Or maybe they were left-handed? I touch the left side too as I imagine that possibility, my hand searching out the memory of Simeon’s and Anna’s hopeful touches, drawn by the Holy Spirit to meet Jesus, a light to enlighten the nations, and the glory of your people, Israel, as Simeon sings.
How do we meet the holy? Both Simeon and Anna recognize Jesus as the Messiah and honor him. Simeon’s prophecy is now fulfilled. He’s a holy man, and righteous. He has seen the Savior, so he can relax and die in peace. Anna, measurably and specifically older than Simeon, and a prophetess, just gets to work. Luke writes the gospel this way, trying to get us to notice this.
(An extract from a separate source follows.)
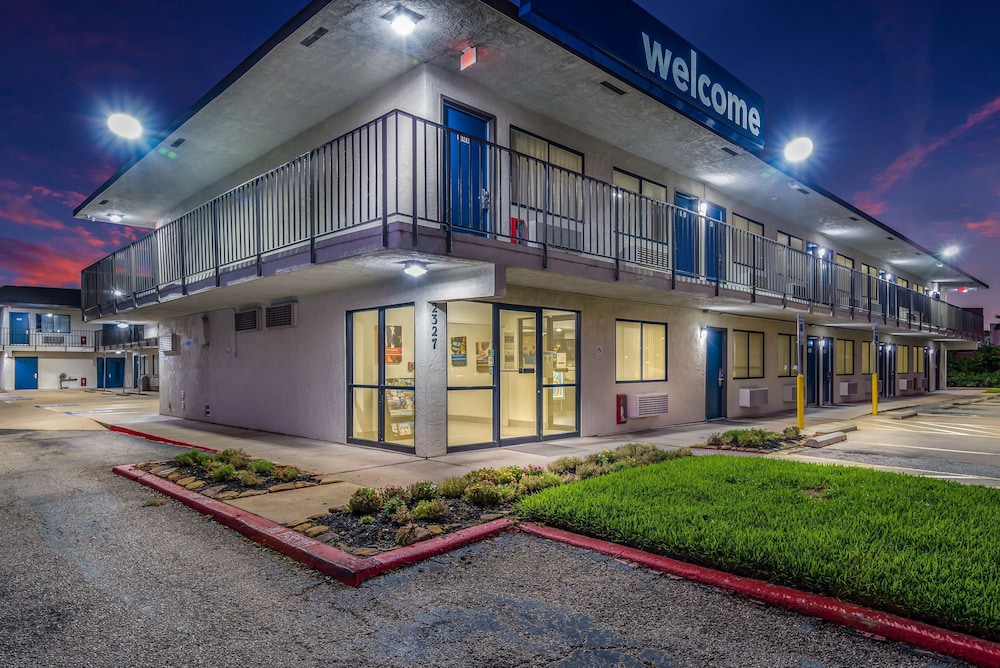 Motel6 College Station, TX - Bryan 7/41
I think of Simeon and Anna’s hopeful, human touches on that ancient stone now — more than 7,000 miles and 2,000 years away. Like Anna, I’m looking for hope for all those living under the current occupation of Jerusalem and Palestine, especially as the American-made peace plan was announced this week. But it’s hard to see. As the Heads of Churches in Jerusalem wrote in their statement released Thursday, may the resurrection of our Lord from Jerusalem remind us all of the sacrifices to ensure justice and peace in the Holy Land, then and now.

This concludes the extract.